Erva-mate: cinco casos de trabalho escravo em 20 dias

Ao todo, 33 pessoas foram libertadas, incluindo quatro jovens com menos de 18 anos de idade. Todas as propriedades flagradas são de cultivo de erva-mate. Uma das ervateiras (Anzolin) inclusive já fez parte da “lista suja”

Por Bianca Pyl

Em apenas 20 dias, a equipe de fiscalização da Superintendência Regional do Trabalho e Emprego de Santa Catarina (SRTE/SC), acompanhada do Ministério Público do Trabalho (MPT) e da Polícia Federal (PF), encontrou cinco situações de trabalho escravo contemporâneo em propriedades de erva-mate.

Foram libertadas, ao todo, 33 pessoas, incluindo quatro adolescentes com menos de 18 anos de idade. Uma das ações contou com a participação da Justiça do Trabalho. Os escravizados encaravam quadros desumanos como: “alojamento” instalado em paiol, com banho sendo tomado em cubículo com fezes expostas e alimento roído por ratos, além de barracas de lona e colchões colocados diretamente no chão, mesmo com temperaturas a -1° C, sem água potável para beber, depois de já ter dormido em chiqueiro.

“Trabalhadores são expostos a condições indignas e degradantes. São condições as quais nenhuma pessoa deveria ser exposta. Menos ainda quando o motivo dessa exposição é tão somente aumentar as margens de lucro das indústrias da erva-mate”, avalia Lilian Rezende, que coordenou as fiscalizações. “Esses trabalhadores não estão nesses locais por opção ou escolha. Eles não gostam disso. Pessoa alguma gostaria, por opção própria, de tomar água de fonte duvidosa que também é consumida pelo gado”.

De acordo com ela, os flagrantes ocorridos entre 28 de junho a 18 de julho têm em comum a utilização, por parte das ervateiras, de “empresas” intermediárias de fachada para tentar driblar a fiscalização.

“Orientações dadas aos empresários do ramo durante palestras são usadas para dificultar a fiscalização. As ervateiras passaram a constituir empresas comerciais para contratar mão de obra, mas os proprietários dessas empresas não passam de funcionários das ervateiras”, lamenta a auditora fiscal.

Paiol


Ocorrida em 18 de julho, a última ação libertou pai e filho de condições análogas à escravidão de propriedade no município de Erval Velho (SC).
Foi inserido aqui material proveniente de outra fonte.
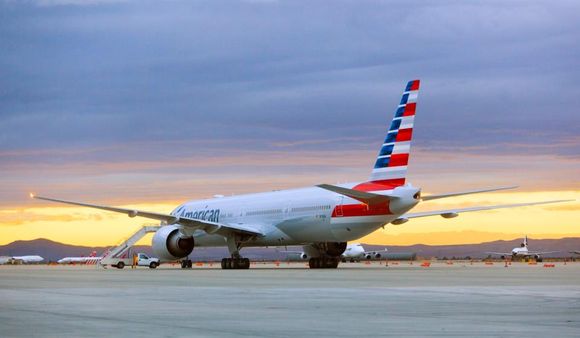 American Airlines celebra 10.000 años de experiencia con sus empleados más antiguos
Os dois trabalhavam para a Ervateira Catanduva. “No momento da ação, apenas dois empregados ainda estavam alojados. Havia indícios, porém, de que outras pessoas também viveram no local”, relata Lilian.
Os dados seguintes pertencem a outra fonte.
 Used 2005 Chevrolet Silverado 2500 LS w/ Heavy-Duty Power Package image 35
O alojamento era um paiol com chão de terra batida e “paredes” com frestas enormes. Os espaço era dividido com galões de óleo para motor e outros materiais armazenados. Os alimentos estavam roídos pelos ratos. Quando chovia, entrava muita água no ambiente e, com os ventos, muita sujeira caía do teto, inclusive sobre a comida a ser preparada.
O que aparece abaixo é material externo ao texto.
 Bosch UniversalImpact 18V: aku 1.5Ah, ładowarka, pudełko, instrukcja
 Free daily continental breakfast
Fios elétricos e encanamentos foram improvisados para a instalação de um chuveiro em um “banheiro” químico. O “vaso” era apenas um buraco no chão. Tomava-se banho nesse mesmo espaço em que as fezes estavam expostas. “Além disso, o risco de algum acidente elétrico era enorme, pois toda a estrutura era metálica. Havia roupas penduradas sobre o fio elétrico”, detalha a auditora Lilian. Nas frentes de trabalho, não havia banheiro.

As vítimas contaram, em depoimentos, que os recibos de salários e de entrega de equipamentos de proteção individual (EPIs) e ferramentas de trabalho não condiziam com a realidade. O pagamento real era inferior ao que aparecia na documentação e os próprios empregados compravam EPIs e ferramentas por conta própria. A fiscalização solicitou as notas fiscais de compra dos materiais declarados para averiguações complementares.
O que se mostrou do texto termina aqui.